ただ、復興公営住宅だったのは、青くペンキ塗りされたセメント瓦の部分のみで、その後大きく拡張され、今では周辺の民家と同じような佇まいになっています。
おもしろいでしょ?
復興公営住宅として建てられた時には、8.5坪の住宅で、4畳半と6畳の和室に、トイレと台所の構成。ユニットバスをつけると現在の仮設住宅とほぼ同じ。居住者の所有する土地に多くが建てられ、後に居住者に買い取られて所有権も移行している。それが、このように拡張して行ったのね。
これ、タイやフィリピン、インドネシアでの災害復興の住宅「コアハウス」と呼ばれる考え方とそっくりである。「コアハウス」とは、最低必要な住宅を政府が供給し、居住者が徐々に建て増していくことで、住宅を復興させるという考え方です。日本の仮設住宅は使い捨てだけど、「コアハウス」は恒久住宅の「コア」として使い続けられるわけです。

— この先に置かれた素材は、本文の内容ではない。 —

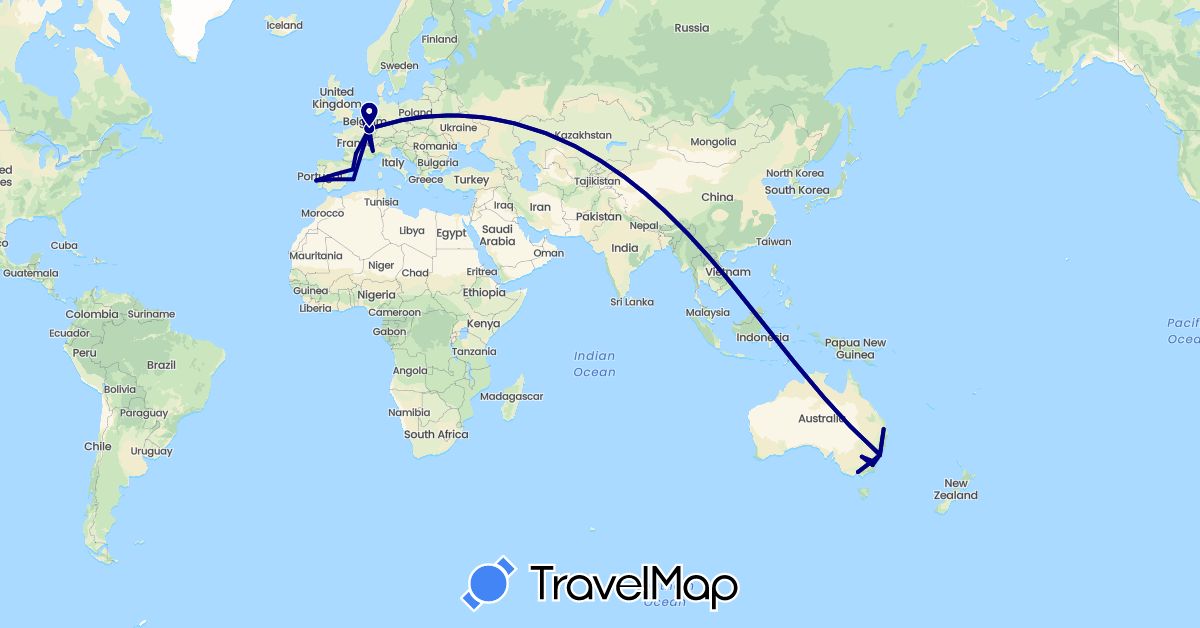 TravelMap itinerary: driving in Australia, Belgium, Spain, France, Italy, Portugal (Europe, Oceania)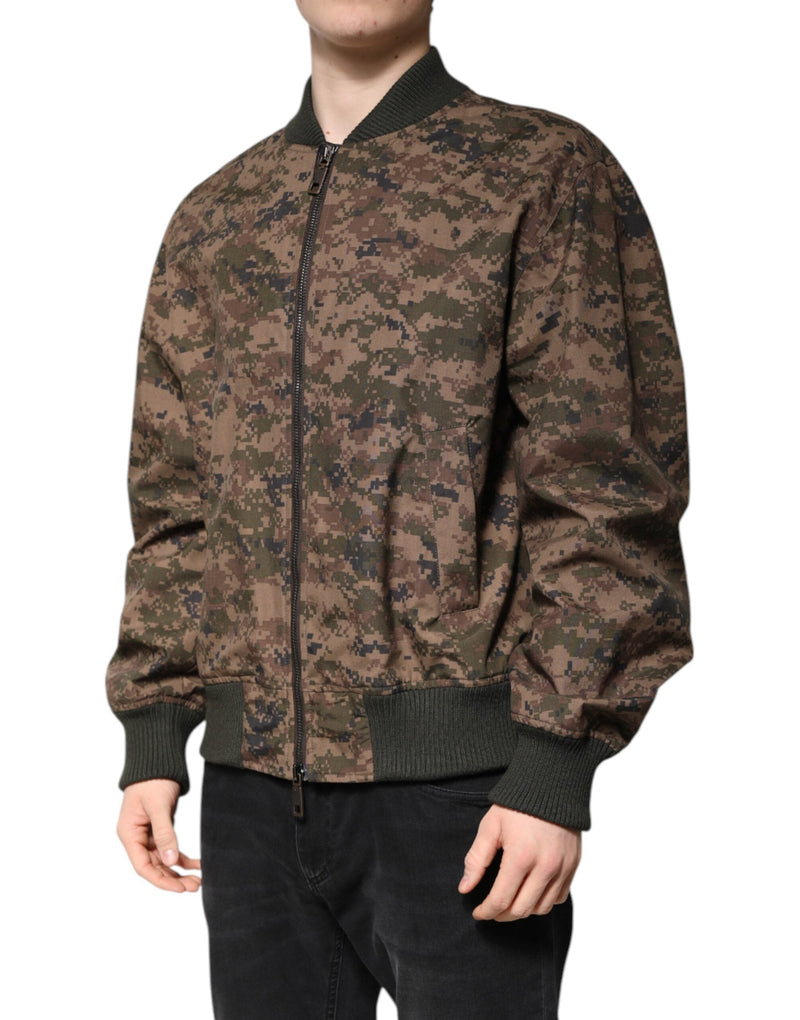 Brown Camouflage Bomber Full Zip Jacket Dolce & Gabbana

この「コアハウス」は、阪神淡路大震災の時に在席していた研究室(神大重村研)でも提案していた復興住宅のパタンでした。それが、身近に存在してたのですね。しかも、ほぼ60年も成熟したものがあったと。驚きました。
この、災害復興住宅は、我が研究室4年生の高山くんが卒論テーマとして取り組んでおります。近く、成果を発表できると思います。